What you need to do: Below you will find a set of lines. Repeat them all exactly.

Recorded data:

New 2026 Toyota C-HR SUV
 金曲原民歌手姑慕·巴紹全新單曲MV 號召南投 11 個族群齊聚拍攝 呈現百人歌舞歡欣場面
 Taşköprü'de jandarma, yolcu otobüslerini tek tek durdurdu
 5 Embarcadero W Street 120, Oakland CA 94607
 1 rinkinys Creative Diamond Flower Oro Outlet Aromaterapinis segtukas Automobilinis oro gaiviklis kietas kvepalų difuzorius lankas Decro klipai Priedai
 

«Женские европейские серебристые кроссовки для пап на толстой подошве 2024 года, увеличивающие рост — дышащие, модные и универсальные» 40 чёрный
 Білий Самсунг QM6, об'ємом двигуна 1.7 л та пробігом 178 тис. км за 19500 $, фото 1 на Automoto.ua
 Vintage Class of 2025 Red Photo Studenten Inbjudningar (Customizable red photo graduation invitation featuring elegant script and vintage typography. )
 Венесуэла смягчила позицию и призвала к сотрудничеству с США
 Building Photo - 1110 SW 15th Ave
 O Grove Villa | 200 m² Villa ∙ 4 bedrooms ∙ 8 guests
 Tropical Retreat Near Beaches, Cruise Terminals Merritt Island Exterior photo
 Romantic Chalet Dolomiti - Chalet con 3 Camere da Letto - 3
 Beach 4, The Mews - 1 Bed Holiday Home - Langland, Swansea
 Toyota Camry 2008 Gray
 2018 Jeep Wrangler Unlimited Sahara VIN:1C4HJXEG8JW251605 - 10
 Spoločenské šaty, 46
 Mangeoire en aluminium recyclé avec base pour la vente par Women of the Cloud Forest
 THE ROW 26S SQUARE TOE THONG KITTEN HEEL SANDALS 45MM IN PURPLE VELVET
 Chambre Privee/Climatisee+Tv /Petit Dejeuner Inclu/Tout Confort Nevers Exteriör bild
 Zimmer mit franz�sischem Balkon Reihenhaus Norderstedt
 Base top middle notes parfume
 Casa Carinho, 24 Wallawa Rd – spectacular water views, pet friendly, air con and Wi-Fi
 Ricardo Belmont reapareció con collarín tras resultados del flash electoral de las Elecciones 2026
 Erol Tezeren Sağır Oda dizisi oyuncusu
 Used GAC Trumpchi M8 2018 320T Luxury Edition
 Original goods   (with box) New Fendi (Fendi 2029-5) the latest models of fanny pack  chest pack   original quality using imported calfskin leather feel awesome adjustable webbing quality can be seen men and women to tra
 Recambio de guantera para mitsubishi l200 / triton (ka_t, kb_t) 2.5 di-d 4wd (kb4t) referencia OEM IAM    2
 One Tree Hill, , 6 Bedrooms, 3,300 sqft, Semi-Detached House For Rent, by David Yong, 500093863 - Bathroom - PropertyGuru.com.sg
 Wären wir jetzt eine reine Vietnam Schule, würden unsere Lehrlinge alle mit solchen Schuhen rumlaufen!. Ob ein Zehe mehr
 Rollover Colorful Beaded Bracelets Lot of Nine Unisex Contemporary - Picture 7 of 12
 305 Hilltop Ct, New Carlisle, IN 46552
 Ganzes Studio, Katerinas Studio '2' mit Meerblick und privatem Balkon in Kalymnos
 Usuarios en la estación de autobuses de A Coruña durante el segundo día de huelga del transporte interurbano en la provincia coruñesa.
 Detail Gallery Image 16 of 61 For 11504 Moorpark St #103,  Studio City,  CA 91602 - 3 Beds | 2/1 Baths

Response below:
New 2026 Toyota C-HR SUV
 金曲原民歌手姑慕·巴紹全新單曲MV 號召南投 11 個族群齊聚拍攝 呈現百人歌舞歡欣場面
 Taşköprü'de jandarma, yolcu otobüslerini tek tek durdurdu
 5 Embarcadero W Street 120, Oakland CA 94607
 1 rinkinys Creative Diamond Flower Oro Outlet Aromaterapinis segtukas Automobilinis oro gaiviklis kietas kvepalų difuzorius lankas Decro klipai Priedai
 

«Женские европейские серебристые кроссовки для пап на толстой подошве 2024 года, увеличивающие рост — дышащие, модные и универсальные» 40 чёрный
 Білий Самсунг QM6, об'ємом двигуна 1.7 л та пробігом 178 тис. км за 19500 $, фото 1 на Automoto.ua
 Vintage Class of 2025 Red Photo Studenten Inbjudningar (Customizable red photo graduation invitation featuring elegant script and vintage typography. )
 Венесуэла смягчила позицию и призвала к сотрудничеству с США
 Building Photo - 1110 SW 15th Ave
 O Grove Villa | 200 m² Villa ∙ 4 bedrooms ∙ 8 guests
 Tropical Retreat Near Beaches, Cruise Terminals Merritt Island Exterior photo
 Romantic Chalet Dolomiti - Chalet con 3 Camere da Letto - 3
 Beach 4, The Mews - 1 Bed Holiday Home - Langland, Swansea
 Toyota Camry 2008 Gray
 2018 Jeep Wrangler Unlimited Sahara VIN:1C4HJXEG8JW251605 - 10
 Spoločenské šaty, 46
 Mangeoire en aluminium recyclé avec base pour la vente par Women of the Cloud Forest
 THE ROW 26S SQUARE TOE THONG KITTEN HEEL SANDALS 45MM IN PURPLE VELVET
 Chambre Privee/Climatisee+Tv /Petit Dejeuner Inclu/Tout Confort Nevers Exteriör bild
 Zimmer mit franz�sischem Balkon Reihenhaus Norderstedt
 Base top middle notes parfume
 Casa Carinho, 24 Wallawa Rd – spectacular water views, pet friendly, air con and Wi-Fi
 Ricardo Belmont reapareció con collarín tras resultados del flash electoral de las Elecciones 2026
 Erol Tezeren Sağır Oda dizisi oyuncusu
 Used GAC Trumpchi M8 2018 320T Luxury Edition
 Original goods   (with box) New Fendi (Fendi 2029-5) the latest models of fanny pack  chest pack   original quality using imported calfskin leather feel awesome adjustable webbing quality can be seen men and women to tra
 Recambio de guantera para mitsubishi l200 / triton (ka_t, kb_t) 2.5 di-d 4wd (kb4t) referencia OEM IAM    2
 One Tree Hill, , 6 Bedrooms, 3,300 sqft, Semi-Detached House For Rent, by David Yong, 500093863 - Bathroom - PropertyGuru.com.sg
 Wären wir jetzt eine reine Vietnam Schule, würden unsere Lehrlinge alle mit solchen Schuhen rumlaufen!. Ob ein Zehe mehr
 Rollover Colorful Beaded Bracelets Lot of Nine Unisex Contemporary - Picture 7 of 12
 305 Hilltop Ct, New Carlisle, IN 46552
 Ganzes Studio, Katerinas Studio '2' mit Meerblick und privatem Balkon in Kalymnos
 Usuarios en la estación de autobuses de A Coruña durante el segundo día de huelga del transporte interurbano en la provincia coruñesa.
 Detail Gallery Image 16 of 61 For 11504 Moorpark St #103,  Studio City,  CA 91602 - 3 Beds | 2/1 Baths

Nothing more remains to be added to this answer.